All told, Pandora has lost $92.1 million since its founding and has never made money, with no end in sight to that trend. Pandora’s own filing says there’s no possibility of profits before 2013 at the earliest – and no reason to think that 2013 will be any better than this year.
In fact, the odds are stacked against it…
Declining Growth, Shifting Listening and Big Competition
More and more of Pandora’s music is being listened to on mobile devices – and, while the royalties paid remain the same, ad revenue dips for mobile listening.
Those royalties, meanwhile, can’t be renegotiated until 2015 – and at that point, there’s little reason to believe music companies will lower their fees.
Worse – Pandora’s sales growth is slowing, thanks to the aforementioned shift to listening on smartphones and tablets.
- At the same time, competition is heating up. While no other listening experience offers Pandora’s personalized music stations – which are a tremendous way for listeners to find new music – there are a number of viable alternatives.

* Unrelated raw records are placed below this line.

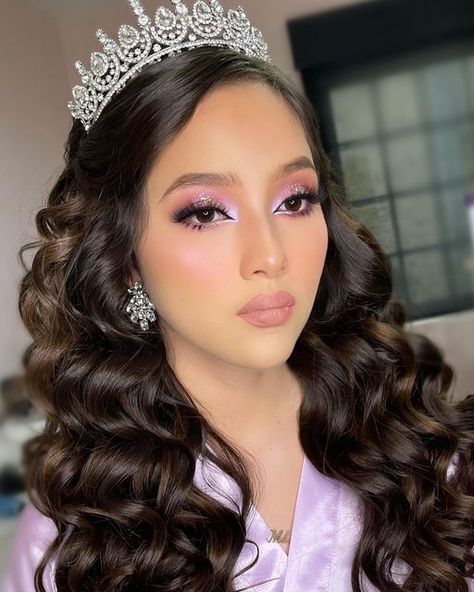 Quncie Ideas Purple, Pink Eyeshadow Looks Quince, Purple Makeup For Quince, Purple Quince Makeup Ideas, Makeup Ideas For 15, Dark Purple Quince Makeup, Lilac Makeup Look Quince Full Face, Purple Makeup For Quinceanera, Light Purple Makeup Looks Quince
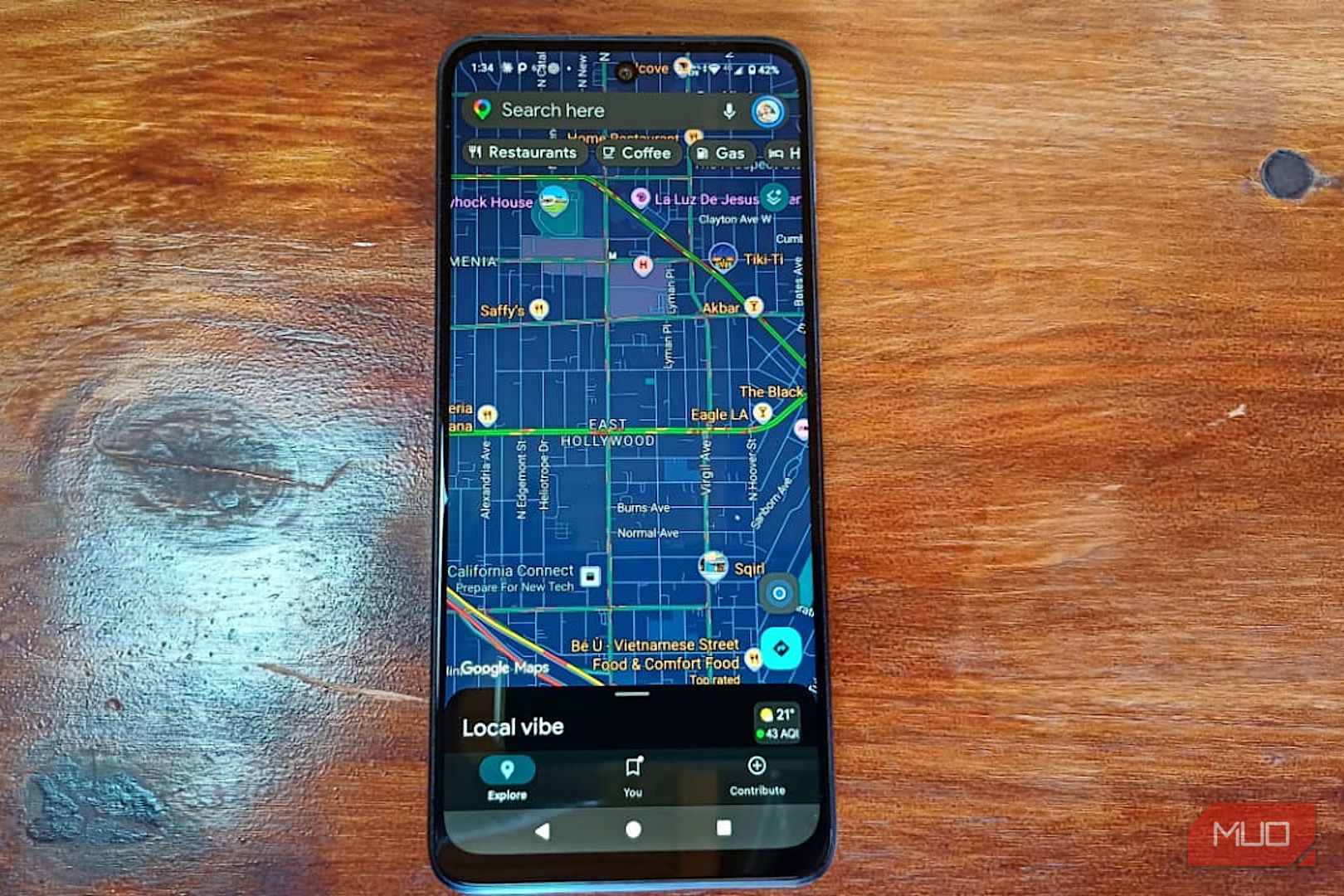 Главный экран Google Maps на смартфоне с картой Лос-Анджелеса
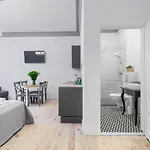 1899 Apartahotel 3*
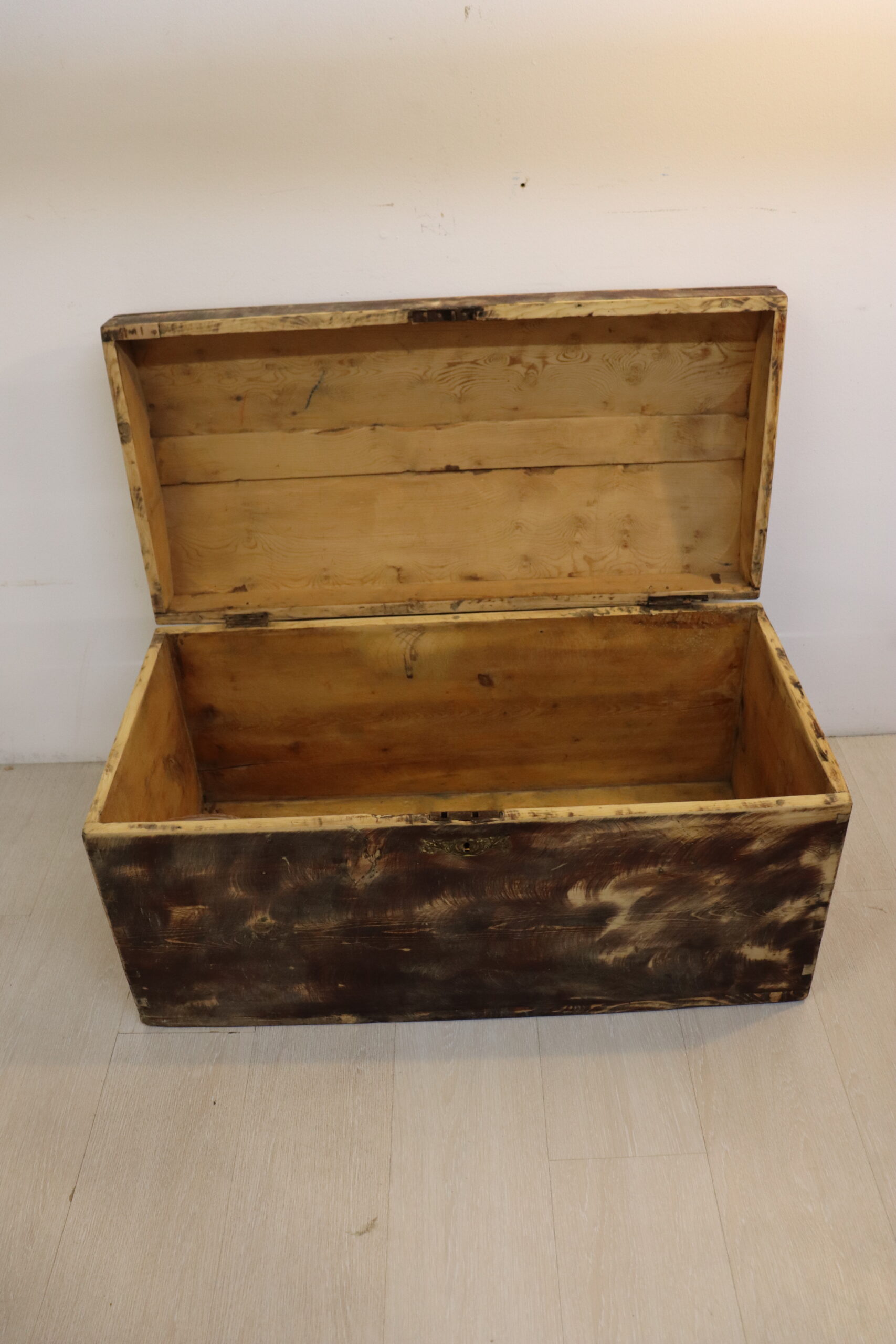 7931 (2) Coffre en bois poncé – Image 2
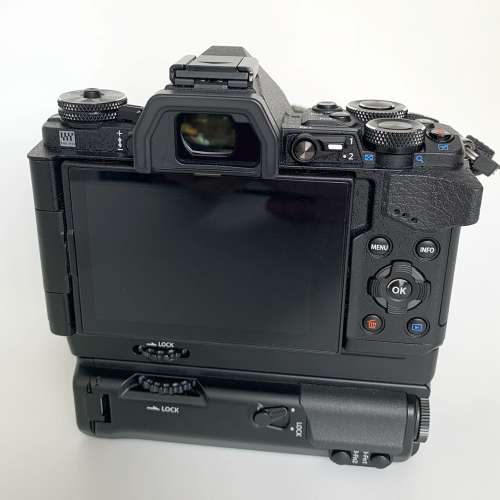 Olympus OM-D E-M5 Mark II + HLD-8  Power Battery Holder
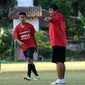 Pelatih Bali United, Indra Sjafri (kanan) memberikan arahan pada Bayu Gatra saat latihan di Lapangan Trisakti, Legian, Bali, Sabtu (29/8/2015). Bali United akan berlaga melawan Persija di Grup C Piala Presiden 2015. (Liputan6.com/Helmi Fithriansyah)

- Internet radio stations are popping up all over the place – and it isn’t very hard to find terrestrial radio stations online either.
- Cloud services from Amazon, Google, and Apple all are offering streaming music of one sort or another – whether it’s your own music available from anywhere, or a huge database available for rent.
However, this isn’t to say that Pandora will never be profitable…
Pandora’s Long-Term Possibilities, Short-Term Confusion
Pandora has a unique business and customers universally love the service. Those things will often lead to profits, in the long run.
But it may take a good bit of time getting there. As Pandora’s service grows – and the company is adding a listener a second – the company may be able to demand more from its advertisers.
But maybe not – much depends on how effective those ads are. It’s quite possible that advertising revenue will never pay the bills. Perhaps a subscription service is in Pandora’s future – though whether its hordes of customers will follow remains to be seen.
Maybe some other business model will be the one that wins out. And maybe Pandora won’t survive long enough to find the correct balance, or will find its unique delivery system oft-copied, and sink under a flurry of competition. The future is murky.
Pandora is surrounded by a number of questions. Proceed with caution.